● **What you will do**: Among the lines below, take the one holding "Las imágenes de la procesión", the one holding "صورة 6 لـ 2022 Genesis GV80", and all lines between them. Set them down exactly.

(Scraped caption text data)
/---

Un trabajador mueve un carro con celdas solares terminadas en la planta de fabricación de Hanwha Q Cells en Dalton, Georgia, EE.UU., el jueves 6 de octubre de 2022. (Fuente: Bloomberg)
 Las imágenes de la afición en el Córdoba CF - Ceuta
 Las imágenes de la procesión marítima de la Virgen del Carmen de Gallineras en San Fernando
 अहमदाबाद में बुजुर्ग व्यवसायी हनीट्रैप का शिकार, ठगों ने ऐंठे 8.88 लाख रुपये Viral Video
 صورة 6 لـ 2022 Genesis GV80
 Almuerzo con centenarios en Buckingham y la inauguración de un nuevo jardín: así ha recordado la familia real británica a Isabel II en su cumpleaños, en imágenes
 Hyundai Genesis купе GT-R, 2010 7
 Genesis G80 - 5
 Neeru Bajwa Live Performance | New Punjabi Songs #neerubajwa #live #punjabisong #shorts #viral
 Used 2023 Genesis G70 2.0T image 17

\---

● **Answer to this exercise**:
 Las imágenes de la procesión marítima de la Virgen del Carmen de Gallineras en San Fernando
 अहमदाबाद में बुजुर्ग व्यवसायी हनीट्रैप का शिकार, ठगों ने ऐंठे 8.88 लाख रुपये Viral Video
 صورة 6 لـ 2022 Genesis GV80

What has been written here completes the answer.